Alexa moves from nightstands to Wall Street with JPMorgan partnership
- JPMorgan Chase and Amazon have partnered to bring Alexa to the bank's Wall Street clients, opening analyst reports and research up to voice commands, reports Bloomberg. JPMorgan is testing additional features, such as having Alexa report bond and swap prices. The Alexa project is the result of an internal innovation competition by JPMorgan.
- Clients of JPMorgan Research who own devices housing Alexa can now log in and request the company's Corporate & Investment Bank research, such as analyst research or a stock tear sheet, "whenever and however they choose," according to JPMorgan.
- JPMorgan is not the only company using Alexa. New York Life Insurance Co. is set to bring the intelligent assistant to its 12,000 agents to facilitate their day-to-day, and Capital One Financial Corp. has already used it to help customers manage their accounts, according to Bloomberg.
The growth of Alexa in office settings is yet another example of what was once a consumer-facing product now finding a place in the enterprise. Google took a flopped product, Google Glass, and relaunched it in the enterprise setting with much more success, and Apple has been making its own inroads with a Device as a Service program with HP Inc.

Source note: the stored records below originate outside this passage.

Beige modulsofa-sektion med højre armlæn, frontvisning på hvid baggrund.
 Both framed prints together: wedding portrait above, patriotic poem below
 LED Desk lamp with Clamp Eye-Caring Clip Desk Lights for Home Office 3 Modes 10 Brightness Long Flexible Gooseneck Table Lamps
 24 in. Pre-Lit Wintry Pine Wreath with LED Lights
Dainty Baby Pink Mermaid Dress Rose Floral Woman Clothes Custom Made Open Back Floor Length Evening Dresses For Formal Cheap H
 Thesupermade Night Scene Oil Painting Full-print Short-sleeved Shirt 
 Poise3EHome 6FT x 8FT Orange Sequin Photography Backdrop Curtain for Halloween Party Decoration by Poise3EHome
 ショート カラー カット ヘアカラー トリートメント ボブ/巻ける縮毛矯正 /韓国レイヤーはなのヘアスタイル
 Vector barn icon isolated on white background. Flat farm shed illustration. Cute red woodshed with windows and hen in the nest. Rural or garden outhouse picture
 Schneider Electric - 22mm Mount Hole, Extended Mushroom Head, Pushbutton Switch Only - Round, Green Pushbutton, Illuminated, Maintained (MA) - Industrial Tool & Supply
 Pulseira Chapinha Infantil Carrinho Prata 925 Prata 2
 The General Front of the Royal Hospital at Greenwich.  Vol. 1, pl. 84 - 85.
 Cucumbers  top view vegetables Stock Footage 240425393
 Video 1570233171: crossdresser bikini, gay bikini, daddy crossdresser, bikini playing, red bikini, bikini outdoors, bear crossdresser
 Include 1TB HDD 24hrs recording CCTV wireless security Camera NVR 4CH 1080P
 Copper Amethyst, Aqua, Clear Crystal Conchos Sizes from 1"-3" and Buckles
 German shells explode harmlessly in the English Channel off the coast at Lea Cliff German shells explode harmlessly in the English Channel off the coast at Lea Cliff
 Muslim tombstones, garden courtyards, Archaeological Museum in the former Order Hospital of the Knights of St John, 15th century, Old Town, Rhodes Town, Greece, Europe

But the convenience and tools offered by intelligent assistants is hard to match. Amazon released Alexa for Business in November and has been steadily adding more enterprise clients, such as WeWork and Wynn Resorts. Alexa can integrate business apps, such as Concur, Salesforce and Service Now, and other office products, such as the Google and Microsoft suites, into the smart workplace.
Microsoft has its own voice assistant, Cortana, but Alexa still rules the market. The two digital companies announced plans to have their voice assistants work together last year, and in January Amazon announced plans to bring Alexa to PCs in 2018.
For JPMorgan, the partnership is another step in its relationship with Amazon. The bank already runs on the AWS cloud and has partnered with Amazon on a healthcare initiative.
From a technology perspective, intelligent assistants are adding to the bank's already robust technology portfolio. CIO Lori Beer, who joined the company last fall, oversees a $9.5 billion tech budget, running the gamut from software and Big Data to blockchain and AI.
The company is keenly looking at its cybersecurity, and figuring out how to further integrate a voice assistant that is always on and listening into a business with troves of sensitive information will demand greater attention in the coming weeks and months.